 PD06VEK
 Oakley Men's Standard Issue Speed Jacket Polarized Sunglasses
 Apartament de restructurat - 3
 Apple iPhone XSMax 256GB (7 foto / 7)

--

Print all of the data exactly as it stands above.

OUTPUT:
 PD06VEK
 Oakley Men's Standard Issue Speed Jacket Polarized Sunglasses
 Apartament de restructurat - 3
 Apple iPhone XSMax 256GB (7 foto / 7)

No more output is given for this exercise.